## Goal of the exercise
For the data that follows, return each line unchanged and drop the pictures.
── Information given
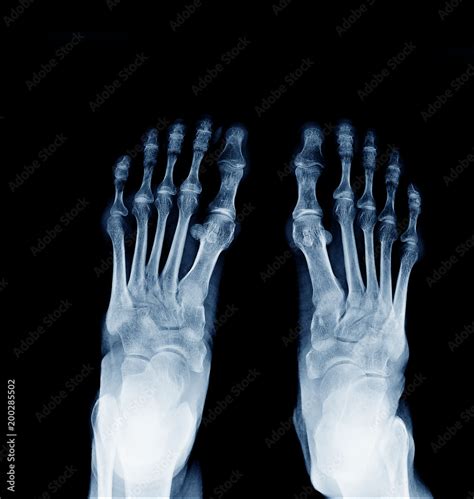 Normal Foot 的图像结果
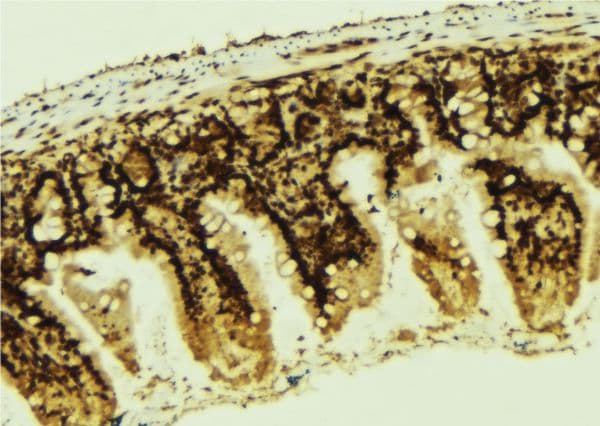 TP53 / p53 Antibody (phospho-Ser366)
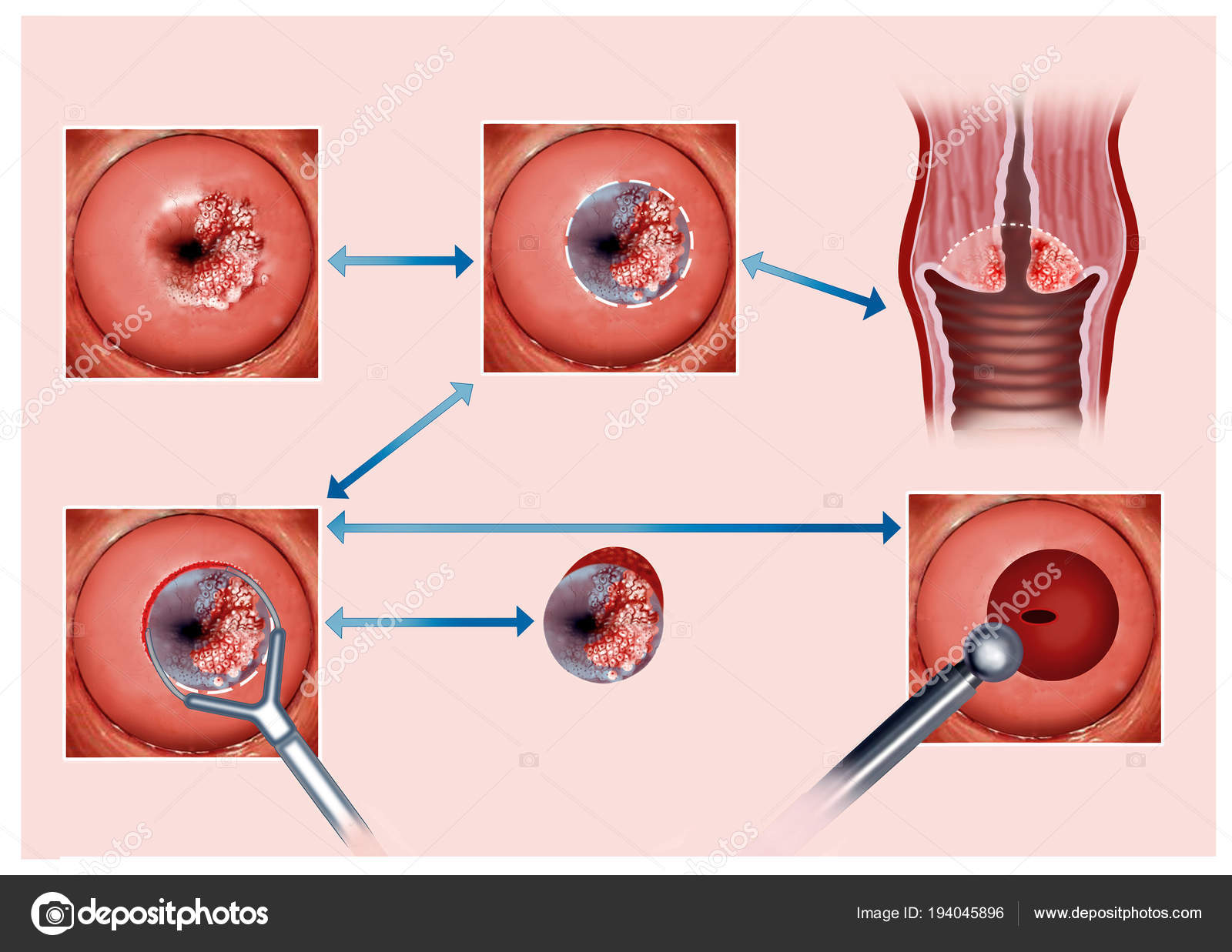 cauterizacion del cuello uterino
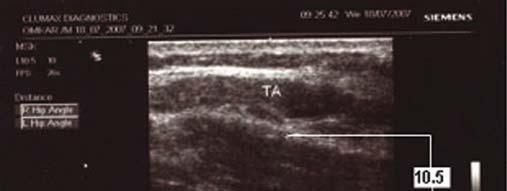 Results The Uddiyana Bandha exercise was performed by the author in a clinical setup where ultrasound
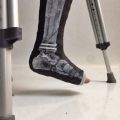 The Best Pics:  Position 19 in  - x-ray, cast, shoe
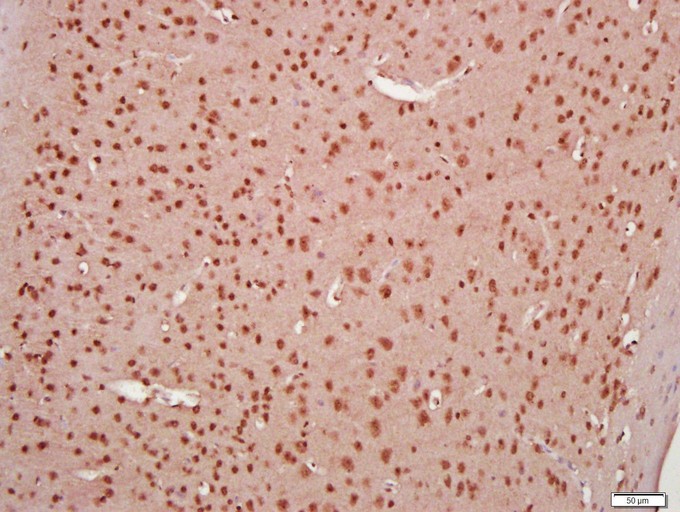 Fig3: Paraformaldehyde-fixed, paraffin embedded (Mouse brain); Antigen retrieval by boiling in sodium citrate buffer (pH6.0) for 15min; Block endogenous peroxidase by 3% hydrogen peroxide for 20 minutes; Blocking buffer (normal goat serum) at 37℃ for 30min; Antibody incubation with (KLHL24) Polyclonal Antibody, Unconjugated at 1:400 overnight at 4℃, followed by a conjugated secondary (sp-0023) for 20 minutes and DAB staining.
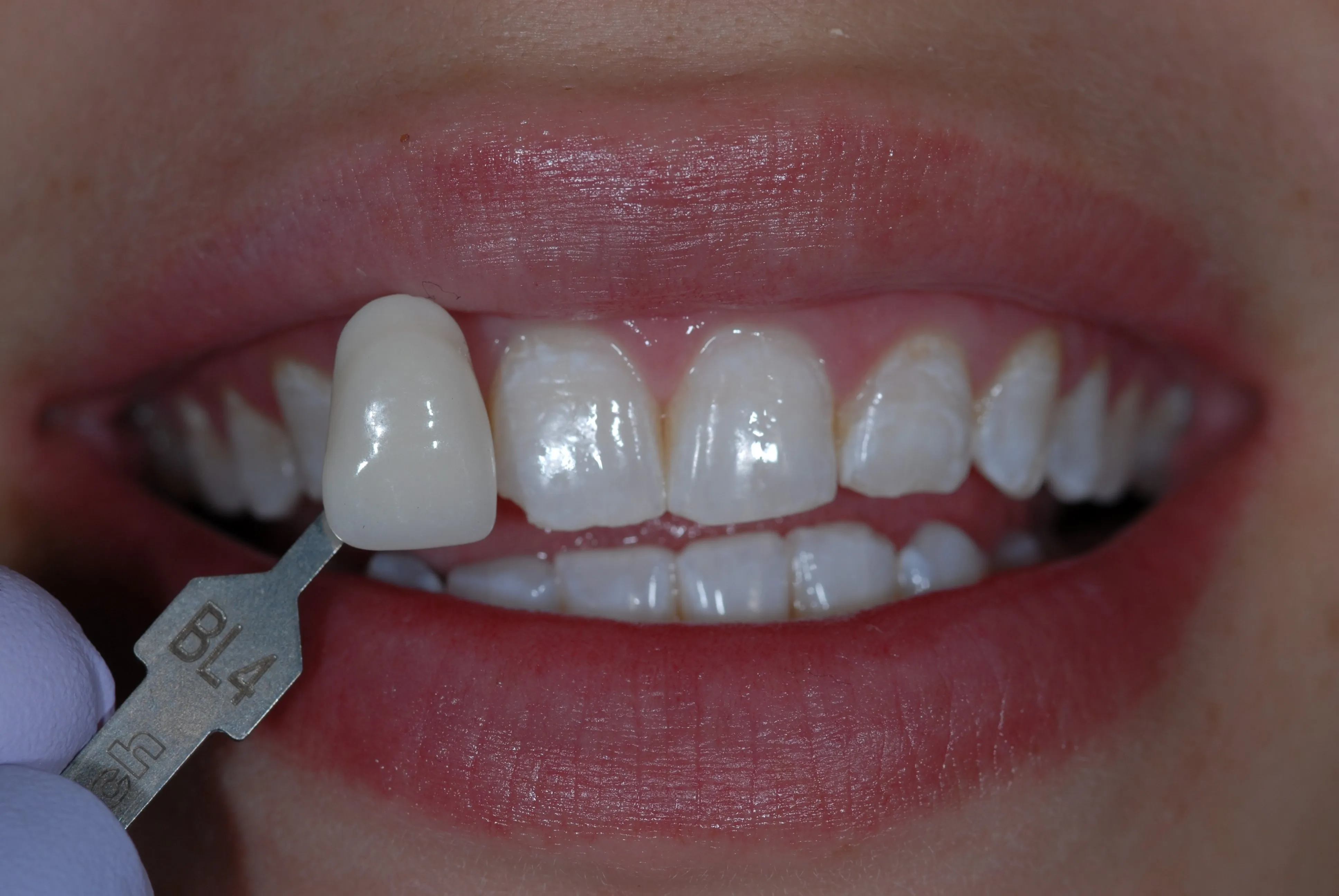 27502 citrus fruits teeth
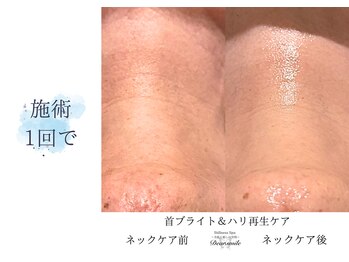 ディアスマイル(Dear.smile)/ネック施術1回で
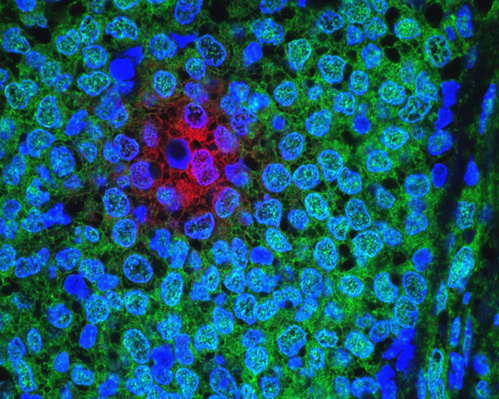 Breast cancer cells. (Credit: <a href="https://visualsonline.cancer.gov/details.cfm?imageid=10574" target="_blank">NCI</a>)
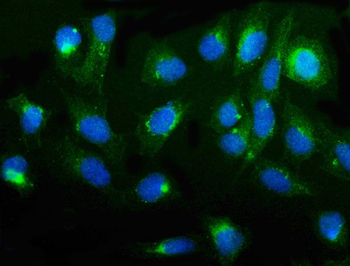 Anti-cGKI/PRKG1 Antibody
────
## Expected output
 Normal Foot 的图像结果
 TP53 / p53 Antibody (phospho-Ser366)
 cauterizacion del cuello uterino
 Results The Uddiyana Bandha exercise was performed by the author in a clinical setup where ultrasound
 The Best Pics:  Position 19 in  - x-ray, cast, shoe
 Fig3: Paraformaldehyde-fixed, paraffin embedded (Mouse brain); Antigen retrieval by boiling in sodium citrate buffer (pH6.0) for 15min; Block endogenous peroxidase by 3% hydrogen peroxide for 20 minutes; Blocking buffer (normal goat serum) at 37℃ for 30min; Antibody incubation with (KLHL24) Polyclonal Antibody, Unconjugated at 1:400 overnight at 4℃, followed by a conjugated secondary (sp-0023) for 20 minutes and DAB staining.
 27502 citrus fruits teeth
 ディアスマイル(Dear.smile)/ネック施術1回で
 Breast cancer cells. (Credit: <a href="https://visualsonline.cancer.gov/details.cfm?imageid=10574" target="_blank">NCI</a>)
 Anti-cGKI/PRKG1 Antibody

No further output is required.